Muzikale bezetting bewerken

De cantate kent een feestelijke bezetting met vier solisten (sopraan, alt, tenor en bas), vierstemmig koor, twee violen, altviool, traverso, oboe d'amore, twee hoorns, pauken en basso continuo.

Bach gebruikte koperblazers en pauken meestal slechts op feestdagen. Het is niet bekend waarom hij deze instrumenten inzette bij deze gelegenheid. In de zeventiende-eeuwse kerkmuziek symboliseren ze Gods koninklijke hoogheid en passen daarom wel uitermate goed bij de cantatetekst.

Toelichting bewerken

Bach hergebruikte het openingskoor van het in 1724 geschreven BVW 99. Na een feestelijke muzikale inleiding met hoorns en pauken volgt een inzet van houtblazers, waar men eigenlijk het koor zou verwachten. Het begin lijkt daardoor op een concerto grosso. De zang in dit stuk is vrij plechtig en lijkt in het voorbijgaan door de koraalmelodie heen te lopen.

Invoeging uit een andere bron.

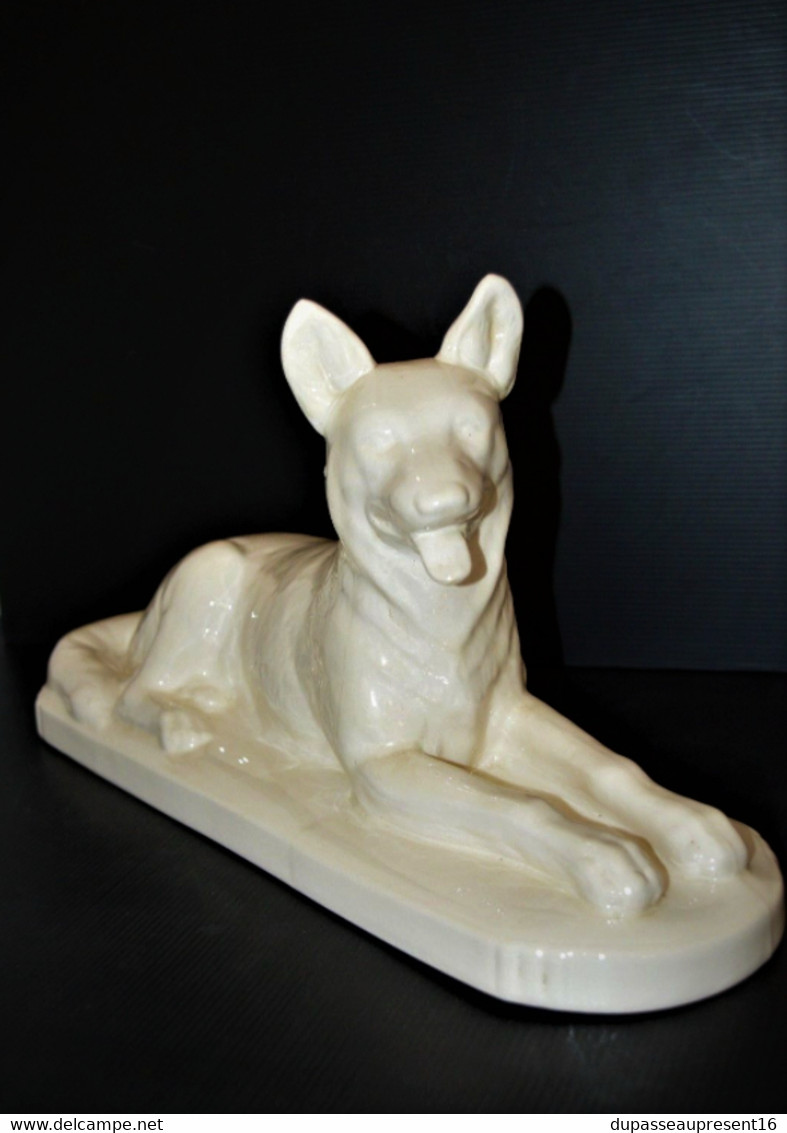 STATUE CHIEN LOUP CERAMIQUE ART DECO DIGOIN & SARREGUEMINES N°5546 Collection Déco Vitrine - Digoin (FRA)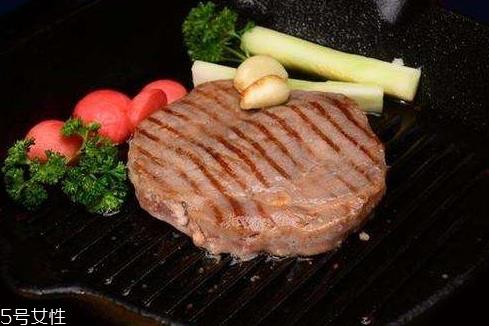 煎牛排为什么要条纹锅 煎出美味条纹牛排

De eerste aria is een duet voor alt en tenor dat begeleid wordt door continuo. De doorlopende basmelodie drukt betrouwbaarheid uit. Het stuk lijkt op een canon, waarbij de twee stemmen na elkaar inzetten. De traditionele polyfonie doet sober aan.

Karakteristiek in het derde deel is de traverso die een snelle, virtuoze solopartij speelt. De 6/8 maatsoort van het deel geeft het geheel een dansante uitstraling. De 32-ste noten, van het begin tot het eind, maken het een lastige partij. De sopraan zingt hierbij een eenvoudige melodie.

De bas-aria staat in een vrolijke majeur toonsoort. De huppelende ritmeverschuiving van de syncopen illustreren de tekst, die verhaalt hoe God mijn licht, mijn leven is. De strijkers wisselen hard en zacht af en geven daarmee het contrast aan tussen de vreugde en het lijden in het leven.

Deel vijf is een alt-aria met een wat zwaardere tekst waarbij de bittere kelk naar het lijden verwijst. Dit wordt muzikaal vertolkt door de begeleiding van de hobo d'amore. Aan de eind, waar het over de troost gaat, fleurt de muziek weer op met een sierlijk 12/8 ritme.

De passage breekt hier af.